I'm really hoping we are still in a place where we our scores are good enough for the best rates.  We'll also be putting 20-30% down, probably, if that helps our case at all.  Does anyone have any experience with obtaining a mortgage with scores like these?

(Edited to add that we have no other debt.)

iamlindoro

  • Handlebar Stache
  • *****
  • Posts: 1520
    • The Earth Awaits
Though the scores you are getting through free services are usually FAKO scores rather than FICO (they're estimates based on a guess at the scoring model, so they're approximate), it's likely that you'll either get the best rates or you're very close to it.  In my experience, 720 is really the threshold to get the best rates for many lenders.

One important thing to remember is that lenders use the FICO Mortgage scoring model, which is different from the FICO Consumer scoring model.  You may want to pay for a company to provide you with a report and all of your scores based on all the models, or at least the Mortgage model, before you continue.  It shouldn't cost you more than 20-30 bucks.

At a bare minimum, you're not going to have any trouble at all getting a mortgage based on credit score.  Just remember that Debt-to-Income is also a significant factor, so you'll only be approved up to what the lender considers a safe DTI.

catccc

  • Handlebar Stache
  • *****
  • Posts: 1684
  • Location: SE PA
Thanks for the input!  I bet the Discover card FICO (they actually call it FICO) is the consumer scoring model.  I think we are good on DTI, and if not, we can throw more cash at the down payment.

IDK if is worth shelling out the 20-30 dollars before we continue, though.  I guess because if we want this property, we'll make an offer and there really won't be any time to change anything about what scores they end up using.  (So why am I bothering asking?  I guess just to ease my concerns)
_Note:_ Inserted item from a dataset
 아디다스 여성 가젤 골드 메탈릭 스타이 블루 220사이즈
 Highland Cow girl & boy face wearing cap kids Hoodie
Anyway, it sounds like we are in decent shape, thanks for sharing your experience that even slightly lower will still yield the best rates.  DTI we can manipulate a bit if needed.

Drifterrider

  • Handlebar Stache
  • *****
  • Posts: 1118
If you are planning to buy a house I would recommend you start mortgage shopping to determine who offers you the best deal.  Work on the premise you have excellent credit.
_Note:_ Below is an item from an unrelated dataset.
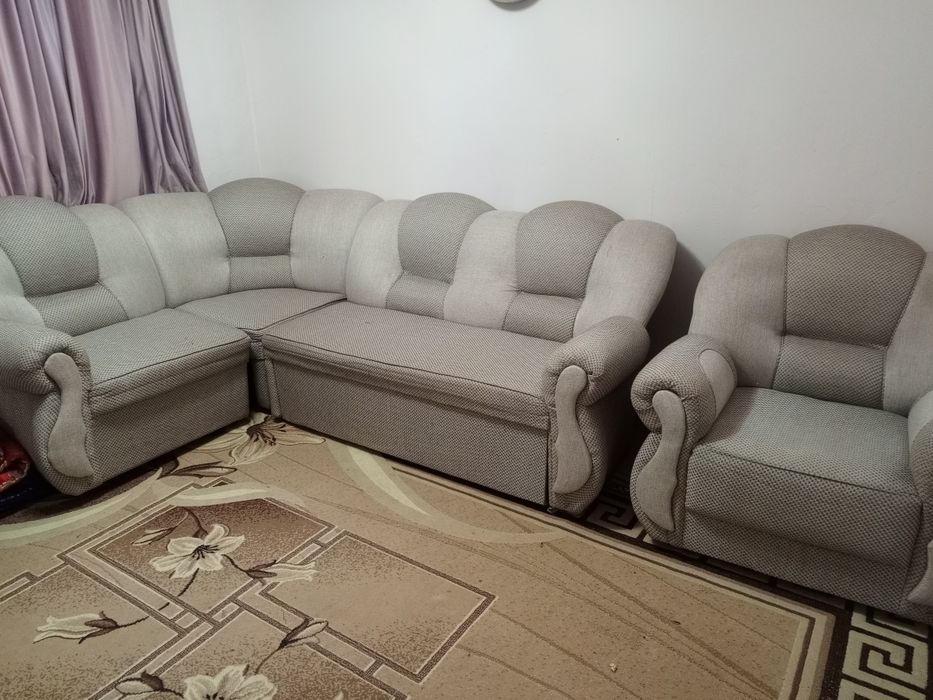 Продам угловой диван с креслом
By adding your three scores and dividing by 3 I get 792.  I've seen web-sites that say 760 and above is excellent and those that say 740 and above is excellent.  I'd say you fall into the "excellent" range. 

"Preapproved" doesn't really mean anything other than, without verifying your financial information, lenders are usually willing to tell you what terms they can offer and how much based on the information you provided.  Most realtors want you to at least be "preapproved" so you don't waste their time (though the professionals will never say this). 
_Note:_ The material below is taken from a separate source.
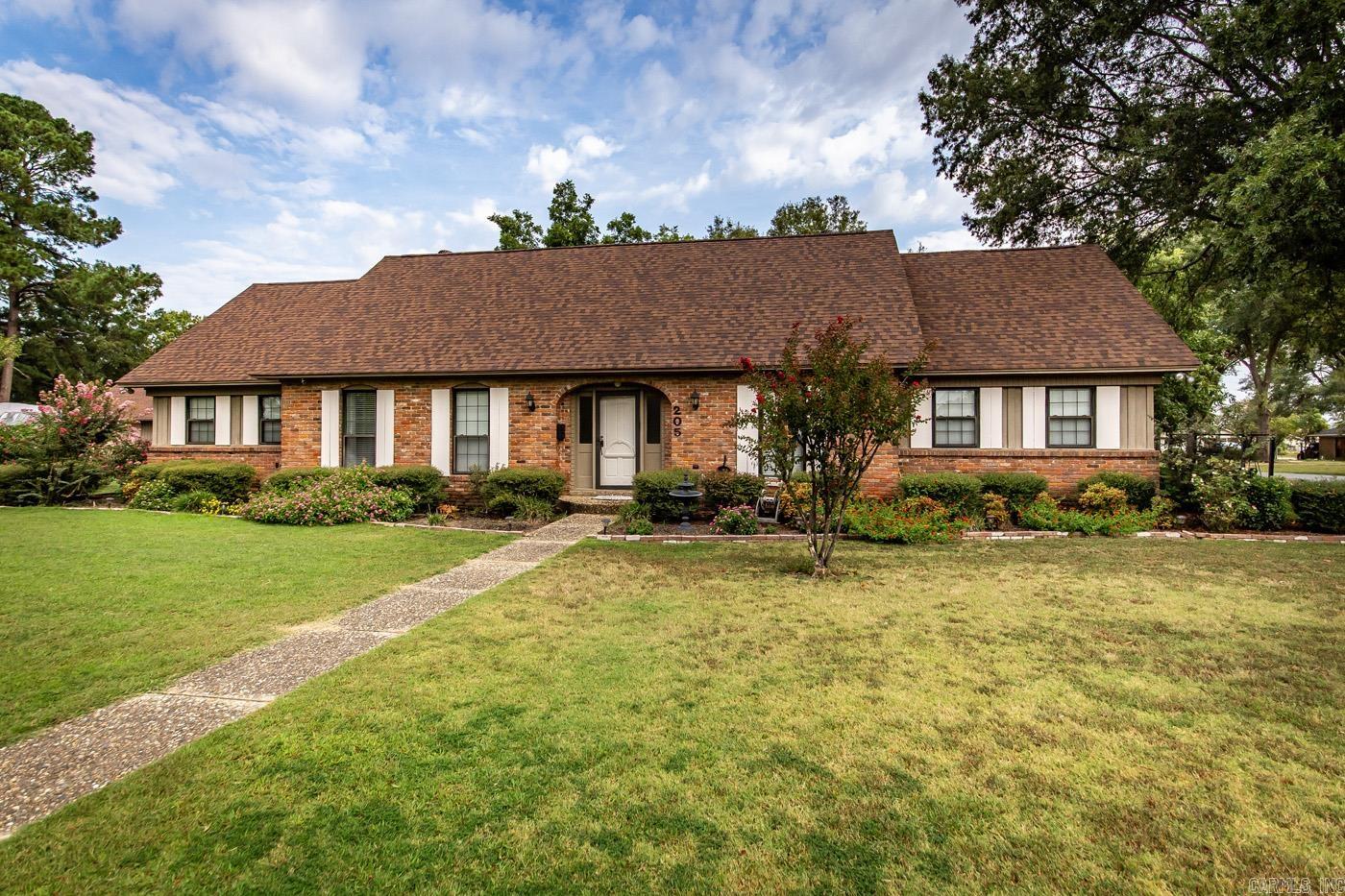 WOODWARD - Residential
Start mortgage shopping when you start house shopping.

Good luck.

catccc

  • Handlebar Stache
  • *****
  • Posts: 1684
  • Location: SE PA
I hesitate to start mortgage shopping now, because we started house shopping in 2008 and still haven't bought anything.  If we were constantly mortgage shopping, I'm afraid the inquiries would stack up and make things worse.  I know they don't have a huge impact, but I would hate it if they did when I was near some sort of cut off for the best rates.

I am hoping if they ask if we are preapproved, our answer ("no, we aren't preapproved.  But we have excellent credit, no other debt, plenty of reserves, and a sizeable down payment, so I think we'll find acceptable financing just fine.") will suffice.  FIngers crossed.

In 8 years of looking, I've never been more hopeful.  IDK why, but I think it might happen this time...

iamlindoro

  • Handlebar Stache
  • *****
  • Posts: 1520
    • The Earth Awaits
I hesitate to start mortgage shopping now, because we started house shopping in 2008 and still haven't bought anything.  If we were constantly mortgage shopping, I'm afraid the inquiries would stack up and make things worse.  I know they don't have a huge impact, but I would hate it if they did when I was near some sort of cut off for the best rates.

This is part of why there's a FICO Mortgage model-- it allows it to have separate rules.  The mortgage model ignores inquires for the 30 days before the report/scoring (so that the inquiry itself doesn't affect your rate).  Also, all mortgage inquiries will be considered a single inquiry within a 15 (old model) or 45 day (new model) window, so that your mortgage shopping will only have the net effect of a single "hit" on your consumer score.  So basically, the queries involved in your hunt for your mortgage will not affect your rate at all in most cases.

catccc

  • Handlebar Stache
  • *****
  • Posts: 1684
  • Location: SE PA
I hesitate to start mortgage shopping now, because we started house shopping in 2008 and still haven't bought anything.  If we were constantly mortgage shopping, I'm afraid the inquiries would stack up and make things worse.  I know they don't have a huge impact, but I would hate it if they did when I was near some sort of cut off for the best rates.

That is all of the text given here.